Las bitácoras de navegación de Fernando del Val




"Las ciudades invisibles se hicieron para ser miradas. En ellas, el espacio y el tiempo poseen un raro reflejo de luz. Allí habitan las pocas certezas visibles: los signos de interrogación, las lechuzas, los caminos machadianos, las miradas miradas y la persistente -y casi contumaz-creencia en ese espaldarazo melancólico que entendemos por justicia poética."

De este tono va el último libro del escritor y poeta vallisoletano Fernando del Val "11 Cuadernos de bitácora de La ciudad Invisible"publicado por Editorial Polibea recientemente.
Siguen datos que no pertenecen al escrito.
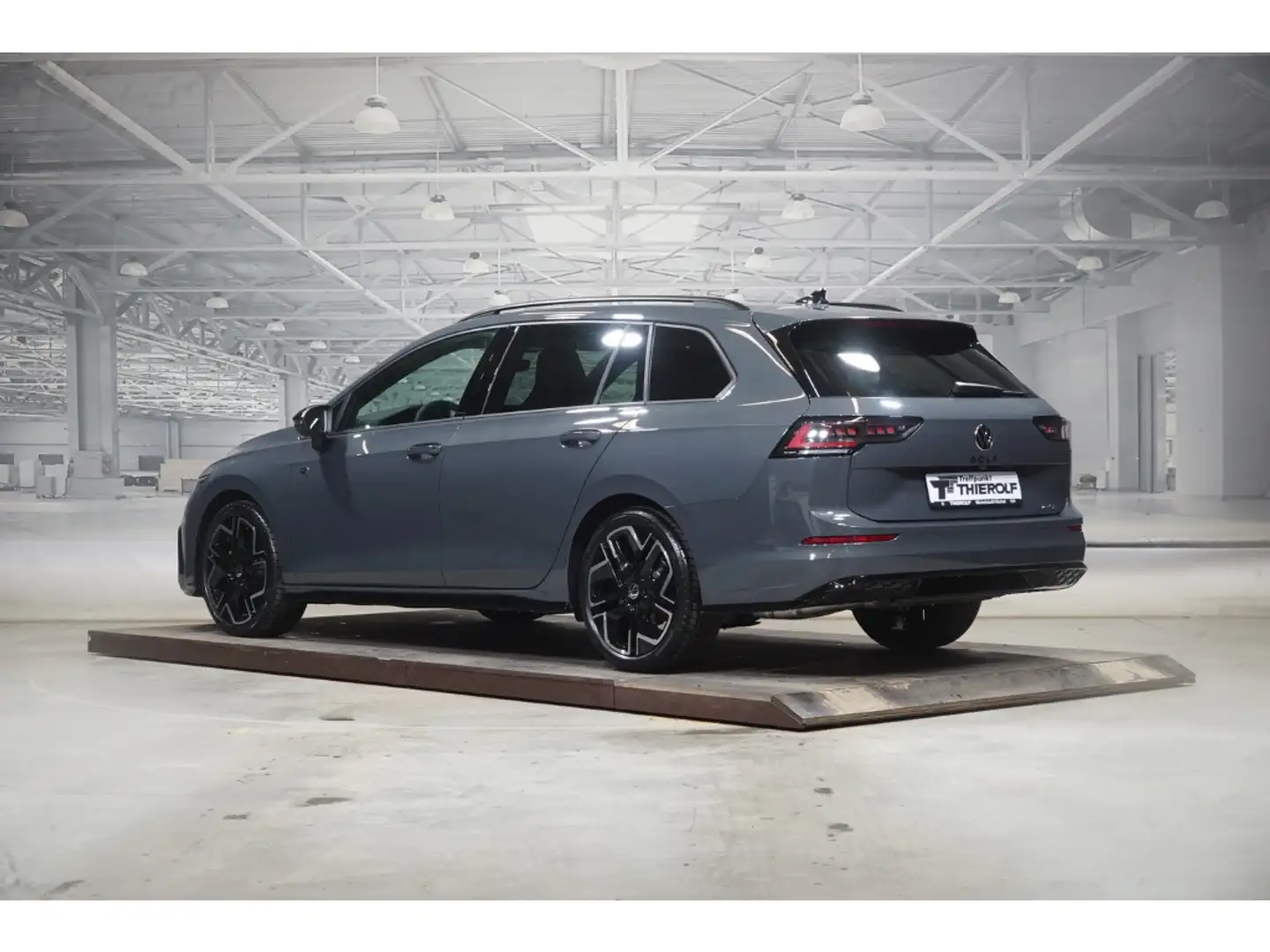 Volkswagen Golf Variant R-Line 1.5 eTSI AHK IQ.Light 3-Zonen Grau - 2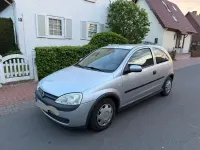 Używany Opel Corsa 75 KM (55 kW) 2002 Szary Hatchback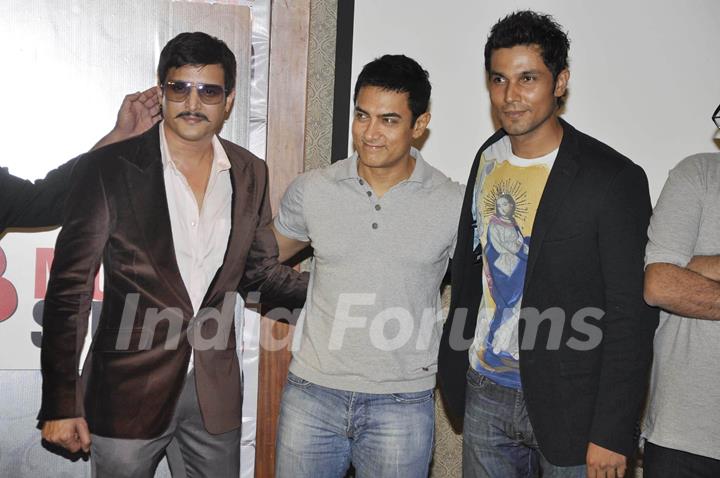 Aamir, Jimmy and Randeep unveils Saheb Biwi Aur Gangster music album at Sea Princess,Juhu in Mumbai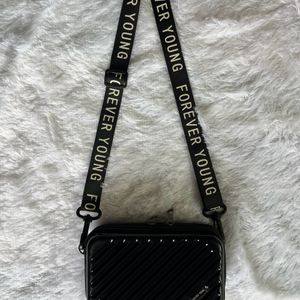 FOREVER YOUNG SLING BAG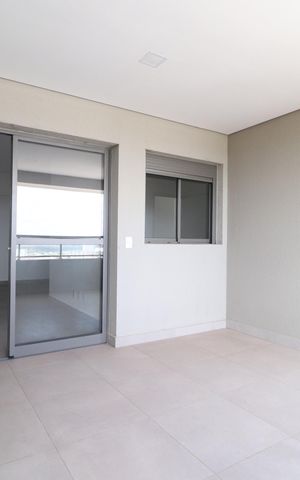 Apartamento para alugar com 115m², 3 quartos e 2 vagasVaranda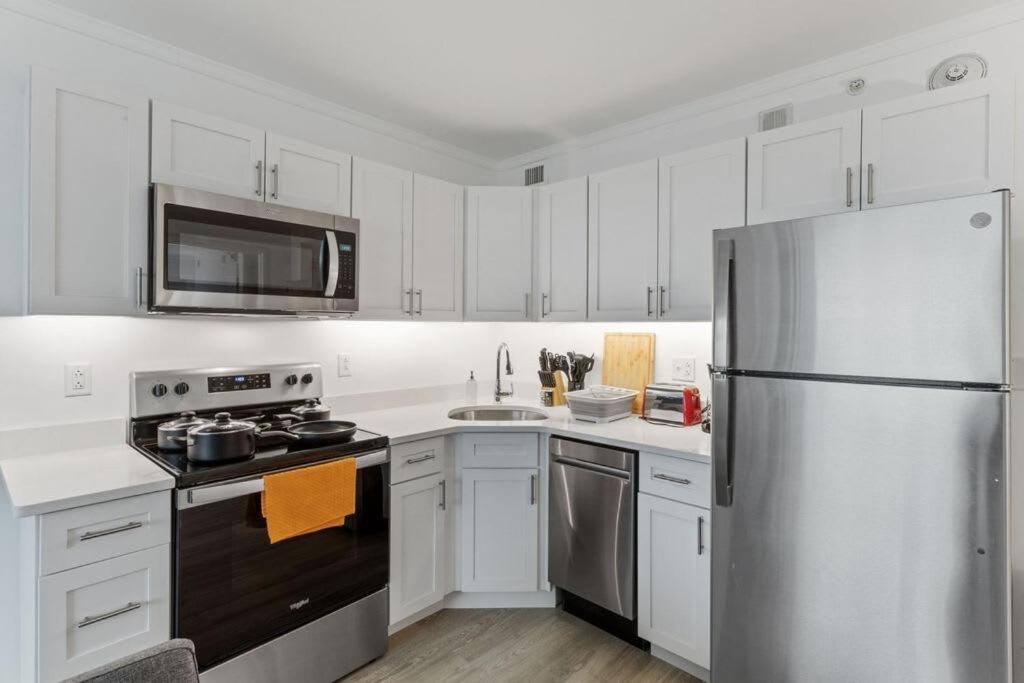 2br 3ba Cozysuites Hard Rock And Ocean Casino *
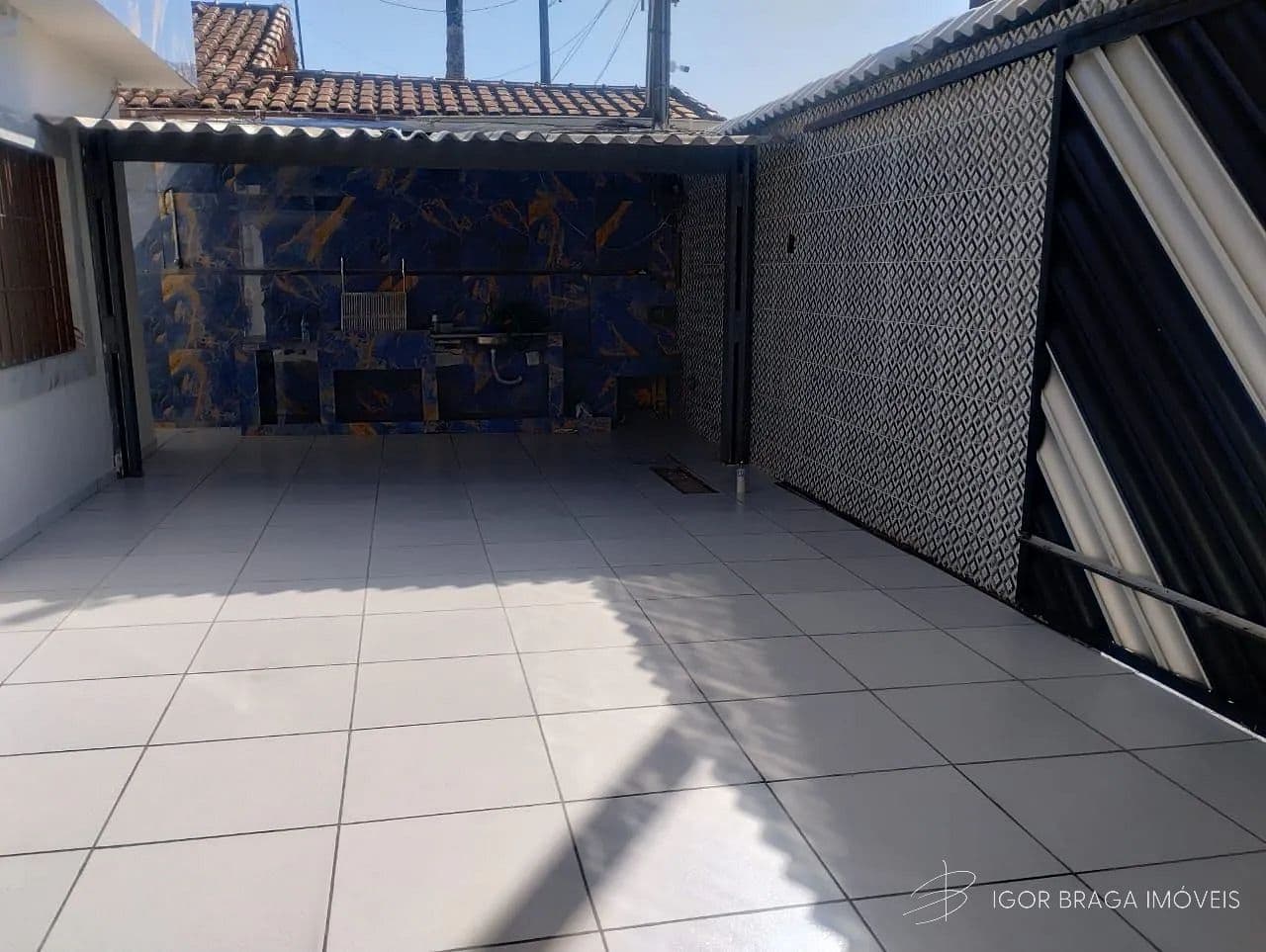 BELÍSSIMA CASA, AMPLA E FINO ACABAMENTO — foto 1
Recoge los textos leídos allá por 2008 en el programa La ciudad invisible de RNE Radio 3, donde Fernando colaboraba. Textos susurrados, barquitos de papel que invitaban a los oyentes a una navegación pausada, se recogen ahora en un libro con toda su carga de sugerencias, citas y reflexiones para navegantes audaces.




Dice Juan Carlos Soriano en la introducción a tu libro que escuchabas la radio en las caracolas. ¿Qué hay tras esta imagen literaria tan fascinante? 

Soriano, contra lo que cree, tiene una mente poética y captó a la primera el espíritu insular del programa. En esa imagen veo una apelación a la pureza y una crítica a la radio de consumo. Me produce rubor traducir más la imagen porque me da que salgo favorecido. Leí hace poco en Santiago de los Mozos: “Los elogios de los amigos hay que cortarlos en seco, y los de los enemigos examinarlos con lupa”. Soriano respondería con La Rochefoucauld.

Ahora que han pasado casi cinco años y con la perspectiva de la distancia, ¿qué te permitió descubrir personalmente el participar en aquel programa de Radio 3 titulado La ciudad invisible? 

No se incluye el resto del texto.